Most (if not all) monotheistic religions are based on faith. Their god (or gods if taken collectively) requires followers to believe without direct evidence. The story of 'doubting' Thomas in the new Testament is typical of such requirements to believe and have faith, often in the face of adversity. In addition, these supreme being have omniscience.

However, Intelligent Design requires that there is an omniscient creator who has used his or her intelligence to underpin the creation of living things, and has left the evidence around for all to see. There is clearly a contradiction here.

Let us suppose that the premise of Intelligent Design is true: that is, that Life as we know it was created by some intelligent being, and this can be asserted from the evidence of our senses, and arguments such as: 'The creation of a living being by chance is as unlikely as a Boeing 757 to be reassembled by a whirlwind from parts in a hangar' are valid. This means that Intelligent Design becomes a 'non-negotiable' fact, which proves the existence of a creator.

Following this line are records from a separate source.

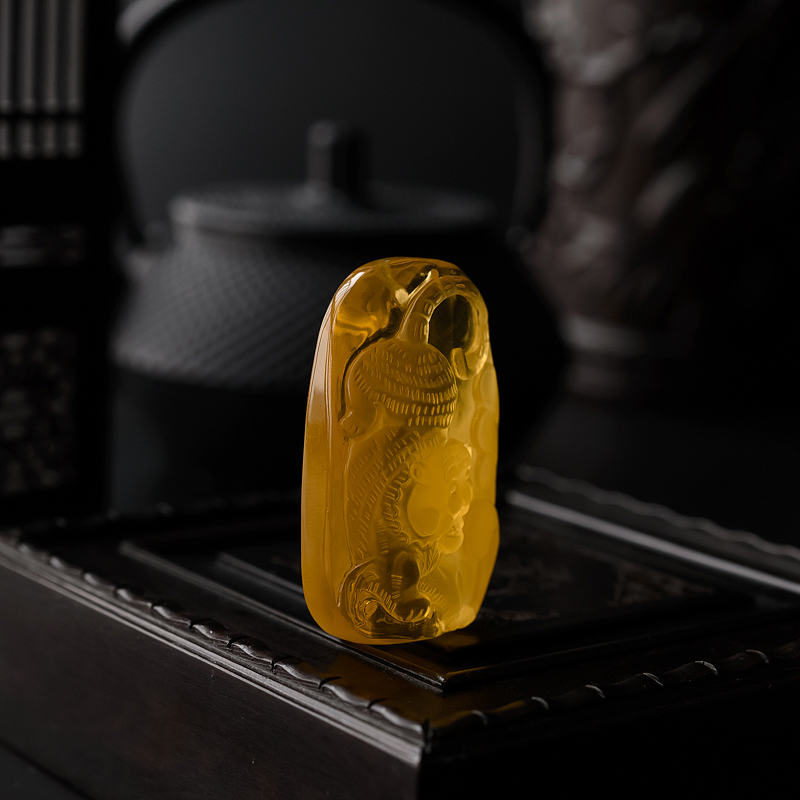 鸡油红猛虎蜜蜡吊坠 - 红掌柜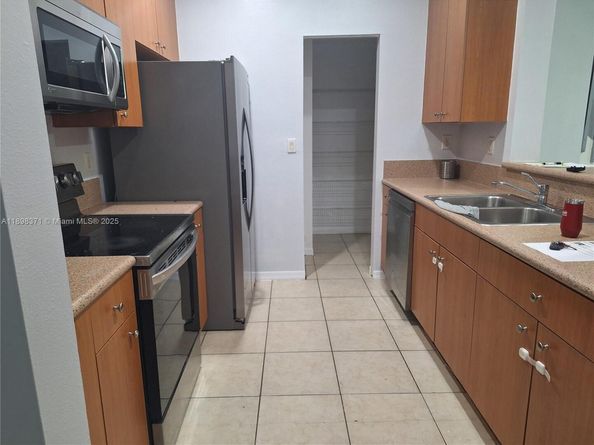 2318 NE 42nd Cir, Homestead FL 33033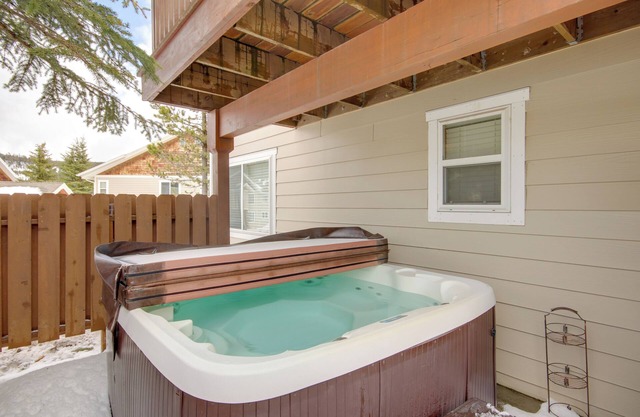 Cedar Creek Condo: Free Shuttle to Big Sky Resort!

However, you cannot now claim that that creator was an omniscient God, otherwise you are claiming that you an incontravertable proof of the existence of God, which denies the idea of 'faith', a cornerstone of monotheistic religion. Therefore, it cannot be claimed that the Intelligent Designer is God, unless you are claiming that God created the world, then carelessly left the evidence for all to see. This would deny his omniscience.

This is OK, except that you now have an intelligent designer, whose existence you have to account for. This means that the initial problem has not been solved, merely increased; whereas before, you merely have to account for the existence of creation, you now have to account for the existence of the creation + intelligent designer.

There are only two ways out of this:

(i) By invoking an intelligent designer mark 2. This process can be seen to be impossible, as it clearly leads to infinite regress. There is no get out here, as at no point, can you claim that any of these intelligent designers IS God, because the requirement of 'faith' denies you the luxury of proof, which is precisely what you would be claiming to have.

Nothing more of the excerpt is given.